NEW YORK (Reuters) - Oil companies ultimately recover their costs of complying with the U.S. biofuels program, according to an Environmental Protection Agency (EPA) analysis that marks the regulator’s clearest challenge yet to a key criticism of the policy.
The report, written in May but released this week to back up a recent proposal for use requirements, is significant for both its detail and its timing.
The conclusion was based on the first in-depth public analysis of the historic run-up in prices of Renewable Identification Number (RIN) credits in 2013 and its impact on oil companies and consumers and will likely stir the debate over the long-awaited quotas for biofuels use in the nation’s motor fuel supply.
It also comes a week before a Senate committee will grill EPA senior official Janet McCabe about a proposal for biofuels use unveiled at the end of last month and the EPA’s oversight of the renewable fuel standards (RSS) program.
Oil companies need the credits, which are generated any time fuel companies blend a gallon of ethanol into gasoline, to prove they are complying with government mandates for biofuels use.
The influential oil lobby has protested that the surge in RIN prices two years ago hurt profits and would be passed along to consumers.

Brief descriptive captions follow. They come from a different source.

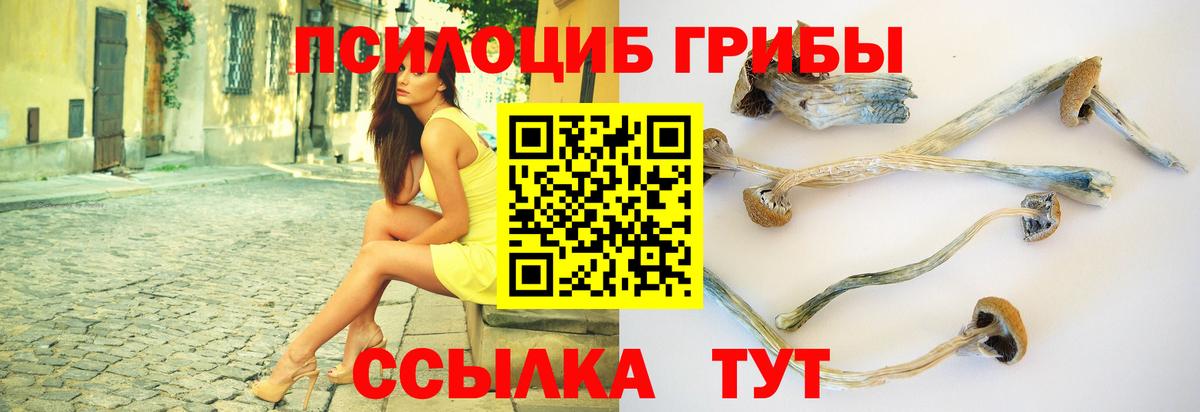 Псилоцибиновые грибы мухоморы Моздок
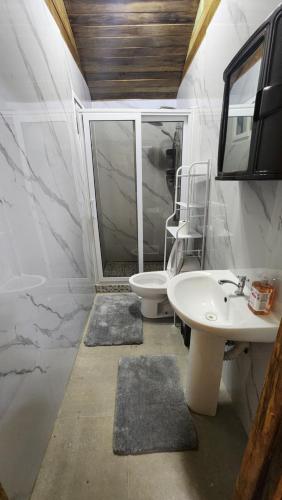 a bathroom with a sink and a toilet at Bunkhouse Lodge in Omoa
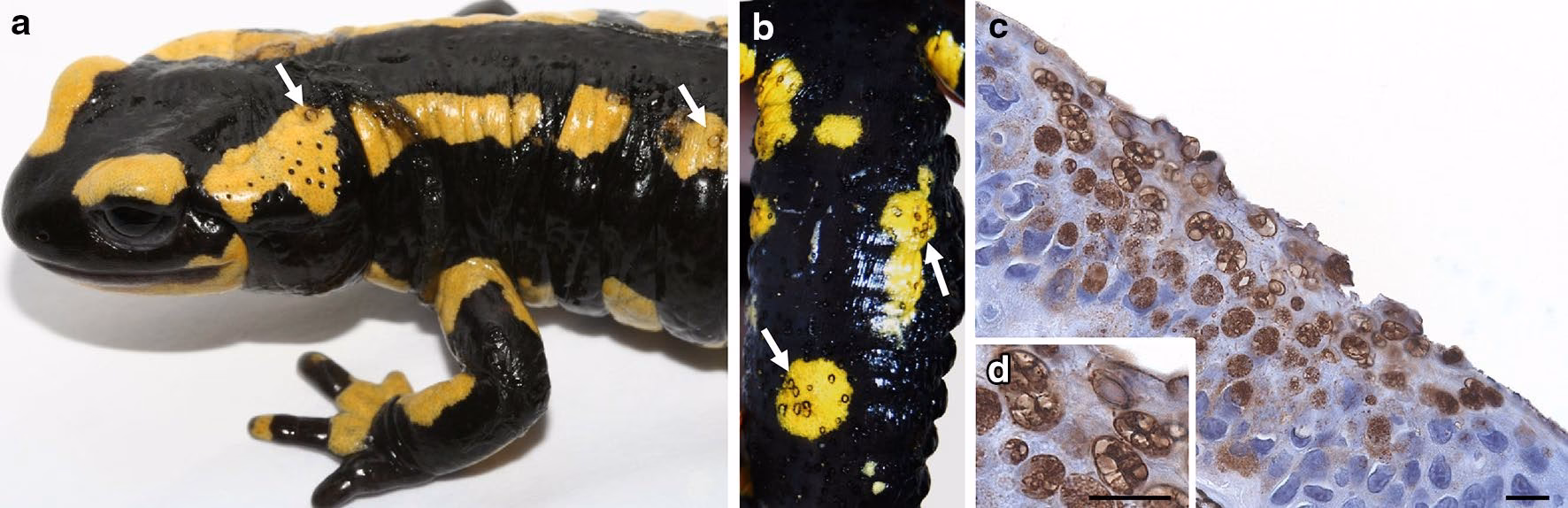 ¿Dónde se encuentra la salamandra en peligro de extinción?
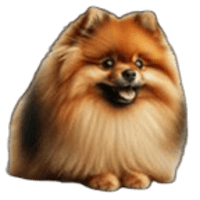 SpitzCoin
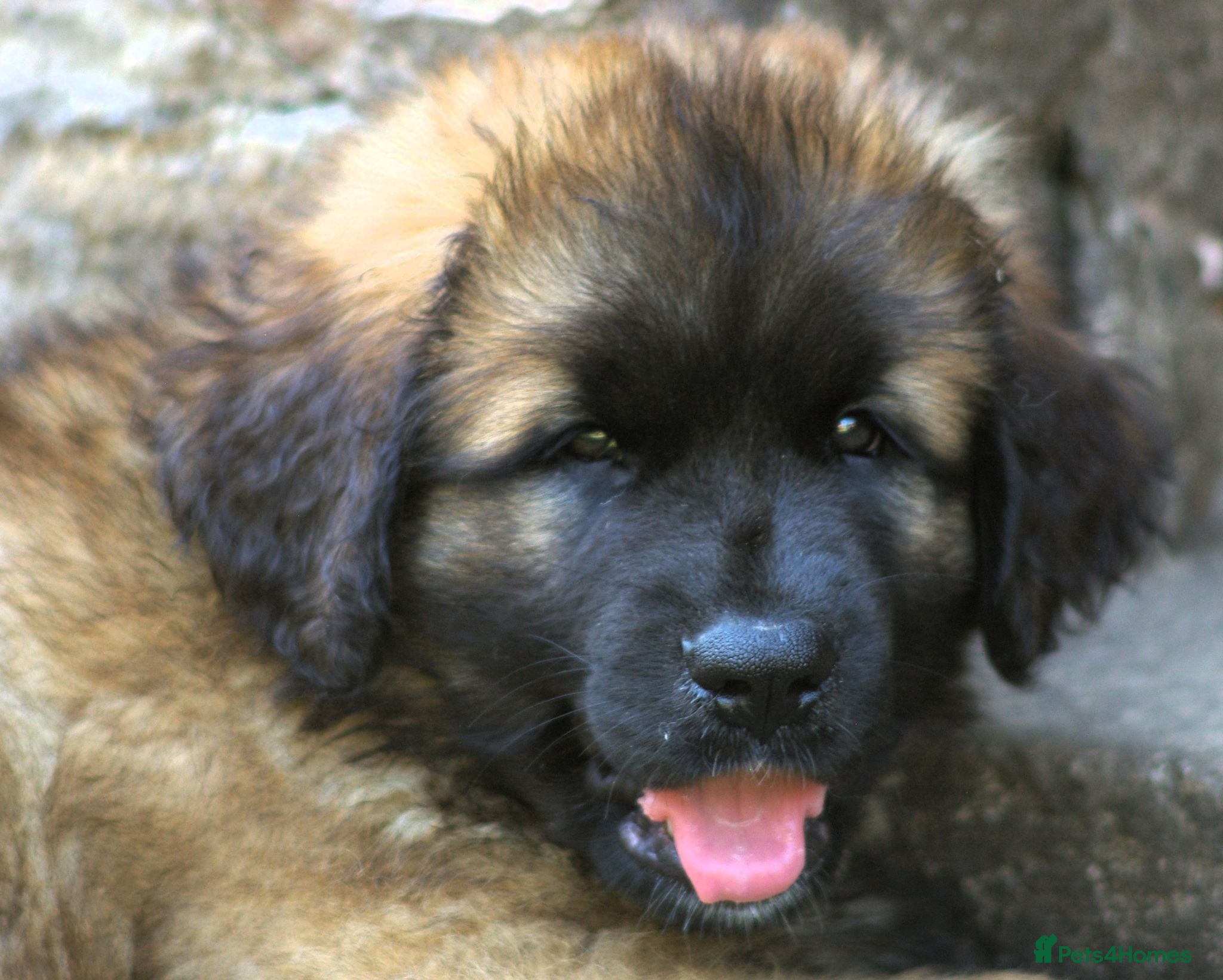 Leonberger dogs Leonberger Puppies - Advert 1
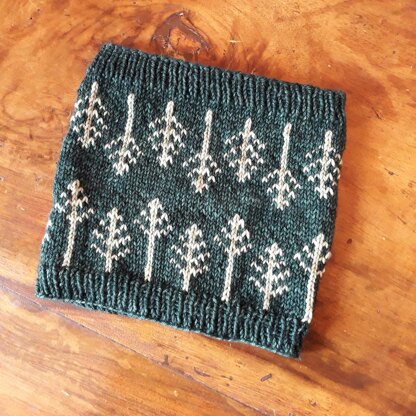 Pinaceae dk cowl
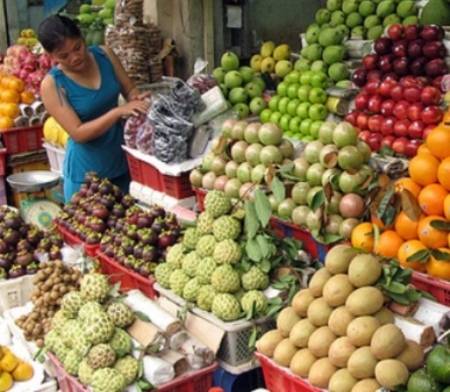 Rau quả Việt Nam nguy cơ mất thị trường XK sang EU
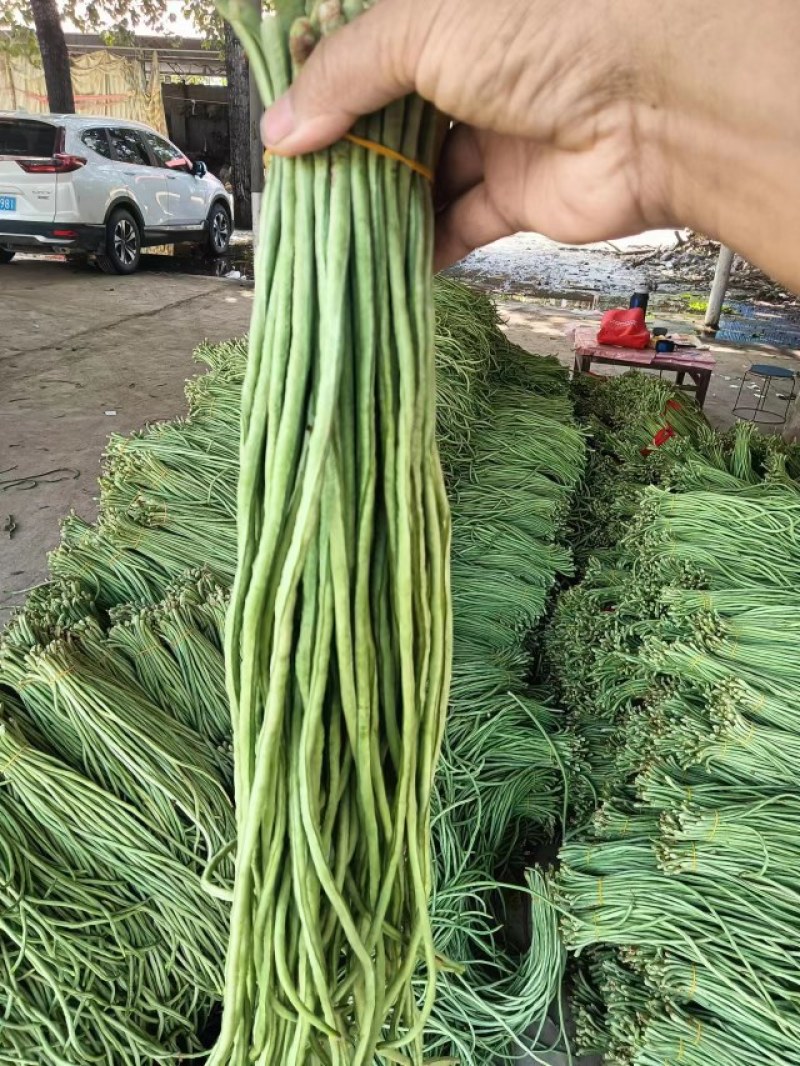 精品青条豆角长豆角对接烘干加工厂腌制厂家保质量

In its report, the EPA said that the volatile ethanol RIN market does not cause higher retail fuel prices nor hurt consumers at the pump, ultimately supporting a key argument of biofuels supporters.
Further, oil refiners “generally recover these costs in the prices of their petroleum blendstocks,” the EPA said.
The study bolsters the U.S. farm lobby’s case for higher corn-based ethanol use, Geoff Cooper, an economist with the Renewable Fuel Association, which represents ethanol producers, said in a conference call on Thursday.
“That’s something we’ve been arguing” for years, he said.
Refiners spent at least $1 billion last year on the credits, according to public filings analyzed by Reuters. In 2013, the bill was even higher at $1.35 billion after ethanol credit prices surged to as high as $1.45 each.
Ethanol RINs prices have plunged by a third to 45 cents each after the EPA proposed on May 29 cutting the ethanol requirements more than many expected.
Oil advocates questioned the analysis and said there could be a RINS shortage next year.
“If you can’t get enough you can’t sell fuel,” said Brendan Williams of the American Fuel & Petrochemical Manufacturers.